EXERCISE GOAL ▸
Your task is to restate word for word the lines in the material below, from the one with "Bright orange lilies" up to and including the one with "Pasangan Capres-Cawapres No.". Do not carry over the pictures.

RECORDS SHOWN ▸
· · · ·

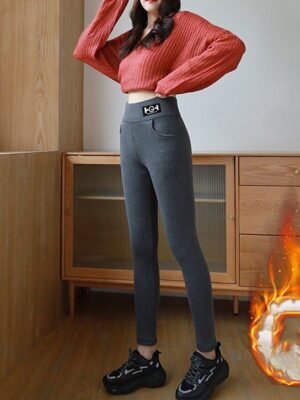 Sports High Waist Solid Full Length Fleece Leggings - Image 5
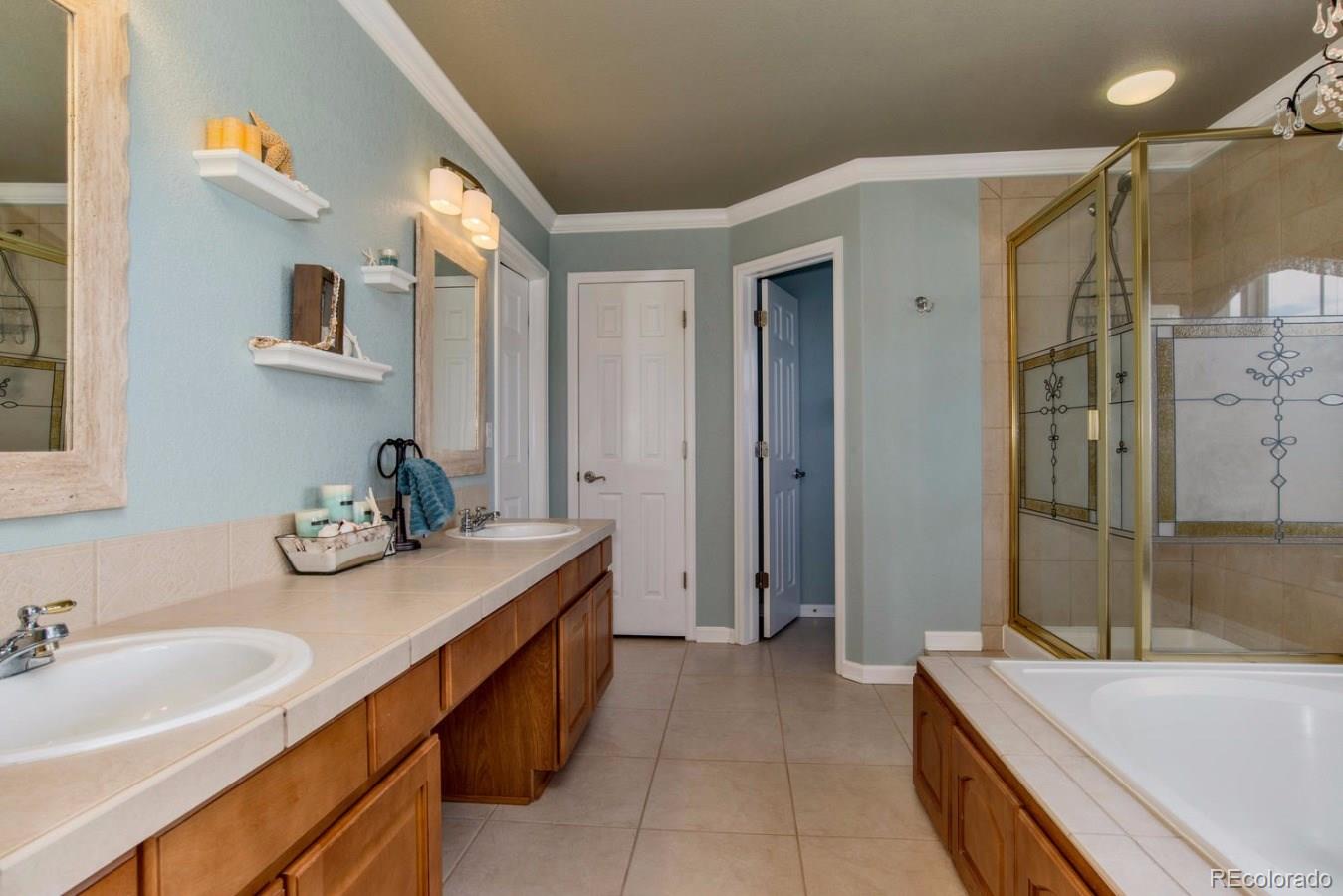 10685 Wynspire Road Highlands Ranch, CO 80130 - Photo 13 of 29 a spacious bathroom with a tub sink and mirror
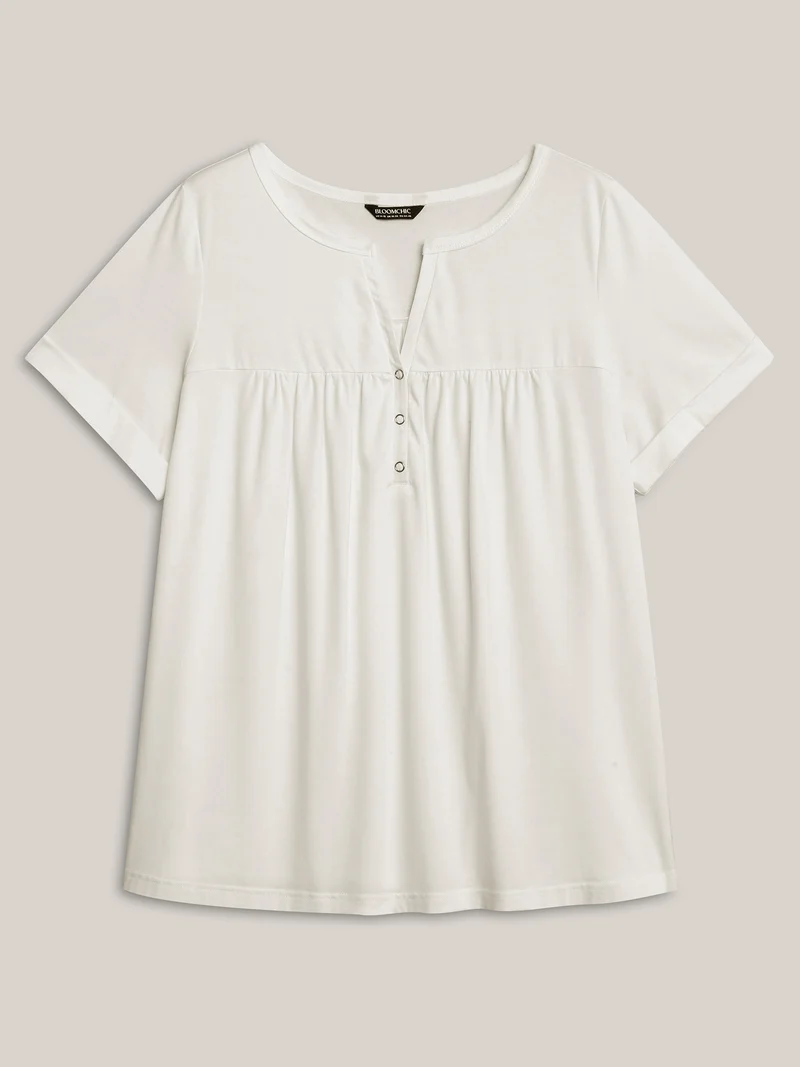 Button Placket Split Neck Pleated T-Shirt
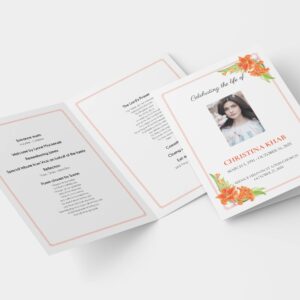 Bright orange lilies funeral order of service template 166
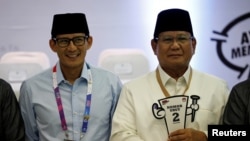 Pasangan Capres-Cawapres No. urut 2: Prabowo Subianto (kanan) dan Sandiaga Uno (foto: ilustrasi).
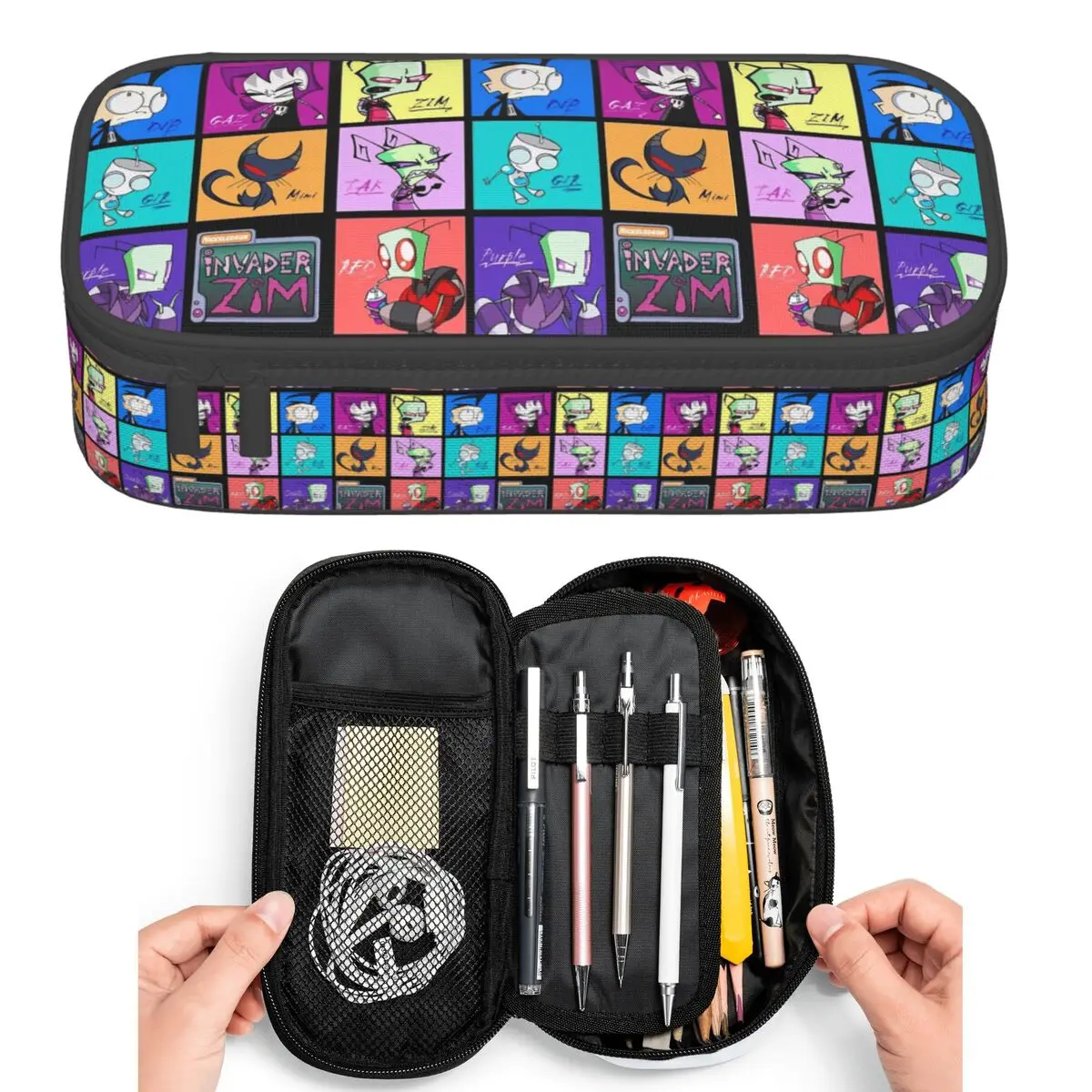 Invader Zim Madness (23) Pencil Cases for Student Pen Box Pencil Bag Large Capacity Pencil Pouch Pen Holder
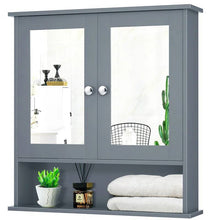 Load image into Gallery viewer, Grey Wood Bathroom Wall / Medicine Cabinet with Mirrored Doors and Shelf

· · · ·

YOUR SOLUTION ▸
 Bright orange lilies funeral order of service template 166
 Pasangan Capres-Cawapres No. urut 2: Prabowo Subianto (kanan) dan Sandiaga Uno (foto: ilustrasi).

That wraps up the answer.